Stores selling more tickets have most lottery winners

Springfield business 12th in Ohio for sales.Clark County businesses sold more than $68 million of lottery tickets in three years.


Lottery winnings

2013:

Plum Food Mart: $400,579

Gibson’s Carryout: $189,264

Meijer Inc.: $182,647

West Main BP: $102,706

Beverage Oasis: $93,008

Lottery Winnings

2012:

Plum Food Mart: $1,210,099

Meijer Inc.: $550,974.50

Leen’s Carryout: $330,549

Kroger Co.: $304,761

T&A Grocery & Carryout: $304,666

Lottery Winnings

2011:

Plum Street Food Mart: $1,260,695

Meijer Inc.: $497,873

Leen’s Carryout: $329,541

T&A Grocery & Carryout: $314,444

Fricker’s: $310,771

A Springfield store where players have won more than $2.8 million in prizes the last three years is among one of the best places in the state to hit the lottery.

The chance of winning increases if the lottery player purchases the ticket at a store with a high amount of sales, a Springfield News-Sun examination revealed.

Clark County businesses have sold more than $68.3 million in lottery tickets in the past three years.

Plum Food Mart on North Plum Street is the No. 1 store in Clark County and ranks 12th in the state for lottery ticket sales for the past six years.

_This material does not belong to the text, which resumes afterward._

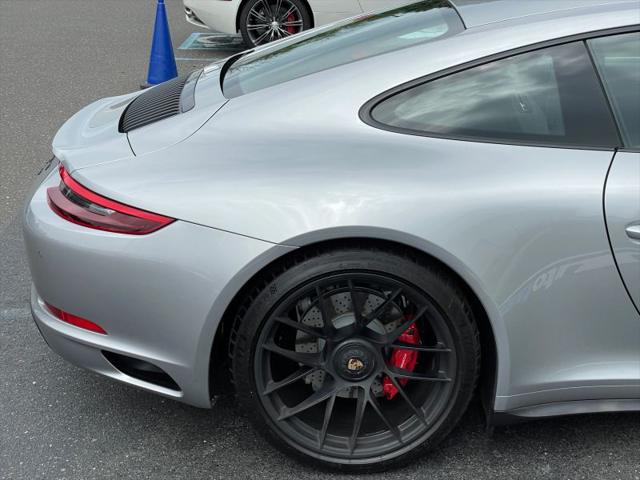 2019 Porsche 911 Carrera 4 GTS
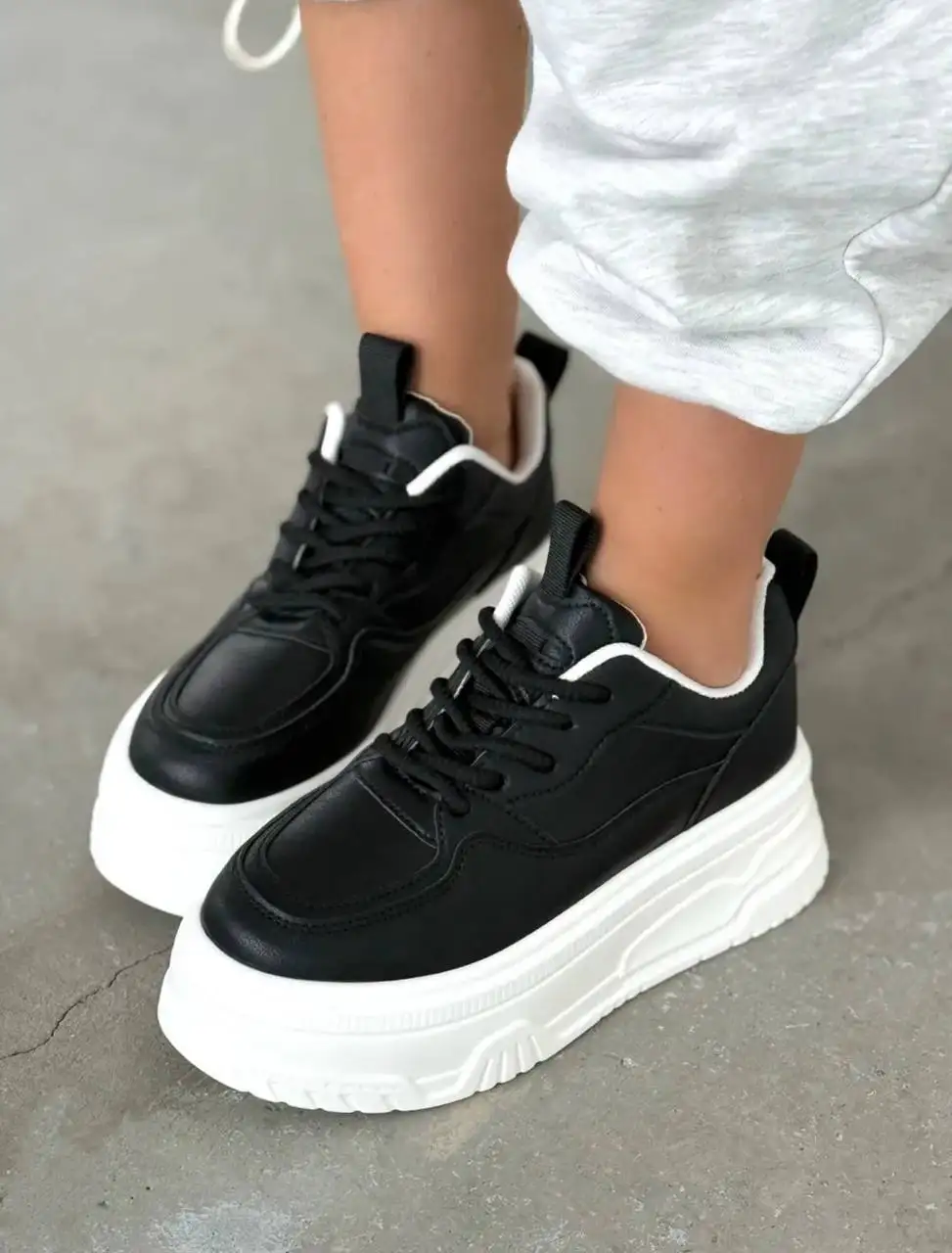 Продам кроссовки женские новые размер 39 - Обувь (Одежда) в Самара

In the last three years, Plum Food Mart sold more than $3.5 million in lottery tickets.

“Sales and prizes typically follow each other. Outlets with the most sales will generally also have the most winners over time,” Marie Kilbane Seckers, director of marketing and communications for the Ohio Lottery.

Such Patel, owner of Plum Food Mart, said the majority of his store sales are lottery tickets.

The reason his store wins so often, he said, is because the tickets process and are ordered so fast due to the large amounts that are sold.

By comparison, in the last three years, the Meijer store on Hillcrest Avenue sold more than $1.59 million in lottery tickets — about $1.9 million less than Plum Food Mart. Meijer lottery players claimed more than $1.2 million in prizes during that time.

Leen’s Carryout on Mechanicsburg Road sold $1.1 million worth of tickets and had $739,000 in total prizes.

T&A Grocery & Carryout sold $1.29 million in the three years with the total prizes of $684,000.

The stores had an increase in sales from 2011 to 2012.

However, due to the recent opening of casinos and racinos, Ohio lottery sales are expected to decline.

“We projected a 5 percent decline in state sales across the board in fiscal year 2013 due to the opening of casinos in the state,” said Kilbane Seckers. “Instant sales, which make up more than half of our sales, are down 4.5 percent to date. Overall, lottery sales are essentially flat, down 1.6 percent.”

According to Kilbane Seckers, stores earn a statewide average of 6.2 percent in commissions on sales and for cashing tickets. The rest of the proceeds from lottery sales, by state law, are used for education purposes in Ohio.

When the jackpot was up, Patel’s store sold $10,000 in Mega Million tickets in just one day.

Plum Food Mart has a section just for the lottery and has regulars that come in multiple times a week just to buy tickets and play games.

Patel says customers come in daily.

“I play the Pick 3 and Pick 4 everyday,” said Sylvester White, a regular customer at Plum Food Mart.

The most White has won is $5,000.

Russell Hoffett is another regular customer. He comes in by the week to buy tickets, hoping to win the millions that everyone desires to have.

“This is the luckiest place in Clark County. People always win from here,” said Patel.

A little over two years ago, Cole Barker, who works at Greenon Local Schools as a technology director, won $2 million from Patel’s store.

Barker was asked to try out a new lottery ticket and thought to himself that $20 was a lot of money for one ticket, but he did it, not knowing the luck he was about to have.

“Life was good before I hit the lottery. It’s just icing on the cake,” said Barker.

After winning the $2 million, Barker has also won more than $22,000 from Plum Food Mart.

Ohio has only had two Powerball jackpot winners, both in 2010 from the Columbus and Toledo areas, but has had 17 $1 million to $2 million Powerball prizes since 2012.

The Ohio Lottery says it awards close to 10 million prizes each month, usually $100 or less.

The website has a “lucky store” locator that shows lottery players where tickets worth $1 million have been sold since 2011.